Is zac efron dating ashley tisdale or

And here's the dumbest part of it - the publicists are fumbling around knowing that they might boost movie sales if he got nude IN a movie, but those stills leak so you never have to go. Wouldn't it have been easier to just stop going onto the public balcony in his underwear? Even if this phoney baloney photo shoot took all day, it would still be rather odd to change your underwear three times..then to put your light blue Calvin undies on backwards with the fly front covering your ass crack. His new film will surely get Oscar buzz once people see his deeply felt performance as a soldier seeking redemption.. When guys flash me, they're pulling off their shirts to show off a six pack. And seeing Vanessa with Josh Hutcherson just drives him crazy. Maybe his public flirting with Ashley Tisdale is his way of trying to get Vanessa’s attention.“It’s odd because Zac and Ashley are really good friends.

This is the best they can do in a controlled tease - and it will only please his fan base, not improve it. There's a handsomeness, yes, but he's so soft and feminine looking that he just looks weird with the muscles and facial hair. He was terrific as Link In "Hairspray" and in one of his first roles in a TV movie with Mary-Louise Parker called "Miracle Run" based on a true story about an autistic kid who joins the track team. With such glowing attributes you would think the media would value his privacy, but alas no-one is exempt-even someone as noble as Zac. They certainly look like they are more than just friends in the photos of them on the beach.

Contrast that to guys like Ryan Gosling and Michael Fassbender.

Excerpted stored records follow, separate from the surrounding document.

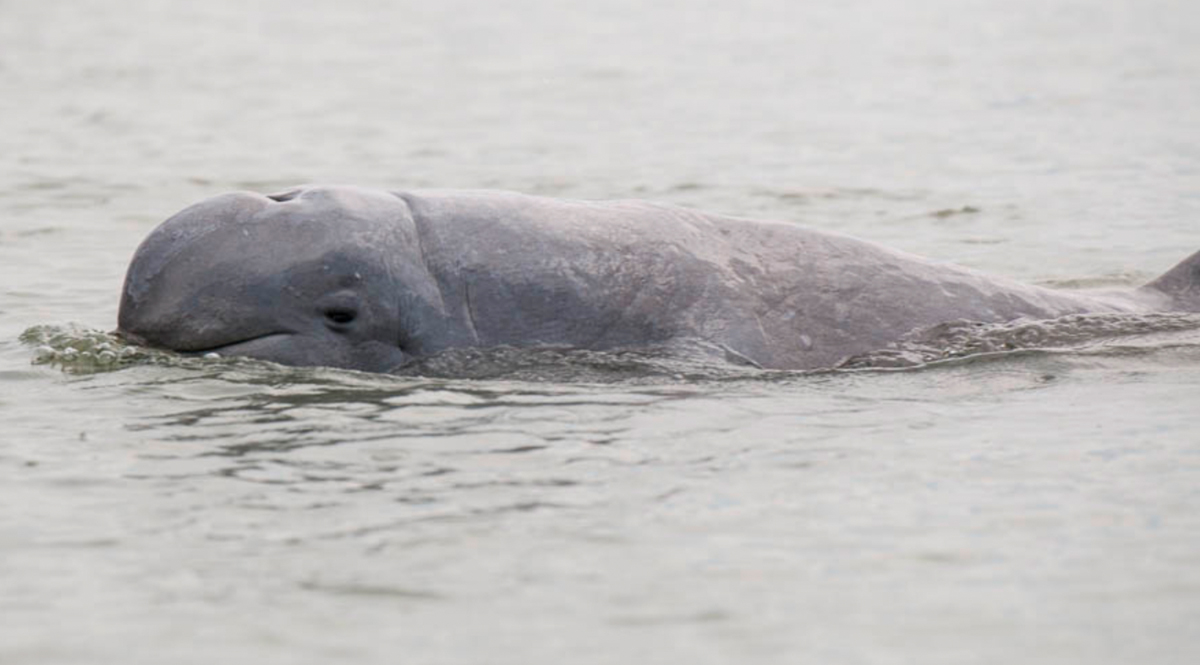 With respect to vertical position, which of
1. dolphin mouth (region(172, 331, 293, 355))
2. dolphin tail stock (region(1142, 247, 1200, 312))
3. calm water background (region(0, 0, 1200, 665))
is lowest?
calm water background (region(0, 0, 1200, 665))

His face and body are attractive enough, but he's so boring/untalented that he has yet to make an impression on me.

I think you guys are missing the point of this publicity stunt. So he listened to headphones, played with his i Pad, played with his dick, talked on his phone, ate breakfast, and did wardrobe changes all in that short span of time, and we're not supposed to think this was arranged??? It's a bit strange that he thought he could essntially be outside (hotel balcony or not) and think he could walk around with his hand down his pants. He may be falling off the A-list, but he's still Zac Efron. I'm so upset about this terrible intrusion into Zac's privacy. According to Hollywood Life, the hunky actor got papped frolicking on the beech with his former High School Musical costar Ashley Tisdale because he wants to grab Hudgens’ attention away from new boyfriend Josh Hutcherson.“Zac is still not over Vanessa,” a source revealed.“His heart is broken and he can’t get over her.

He's likely got a really good trainer and probably only gets one day off week.[quote]Did the little idiot wash his hands between playing with himself and handling his food? Immediately.[quote]What guy hasn't had hand down his pants? Most of the guys here right now are sitting in front of the computer with their hands down their pants and it's not even masturbating, just holding. This poor kid is approaching a Kardashian level of fame-whorishness. Have him hang out with Jay-Z or some other rapper for "street cred." 4. He only has to do it with a woman once, then it's over. I thought we were going to see pics of his ass and penis, but all we get is one picture of his ass and half of it's blocked by the door.The partially obscured ass's become a staple of these "candid" PR staged things, hasn't it. Though I suppose that's meant to support the illusion that it's "candid" and the cameraman got caught by the "celebrity."This effort to make him seem edgy is really stupid. This is as laughable as the condom "accidently" being dropped on the red carpet. I know you all love me, and thanks for awarding me the most active thread on Easter Sunday. Don't forget my new movie "the Lucky One" written by DL fave Nicky Sparks.First the condom falling on the r4ed carpet, now this? We all know he's had Chace Crawford's dick up his ass. If you're trying to change his image with the Teen Beat/IMDB crowd you'll have to try harder. I play a soldier - I am buff and I show my ass in the movie, too. His last movie tanked, so obviously the studio is desperate to make sure this one doesn't suffer the same fate.Also, it bears repeating: you can tell that Zac was playing it up for the cameras, which just makes him seem...pathetic.You can always tell the fatties, who think it takes steroids to have a body like that.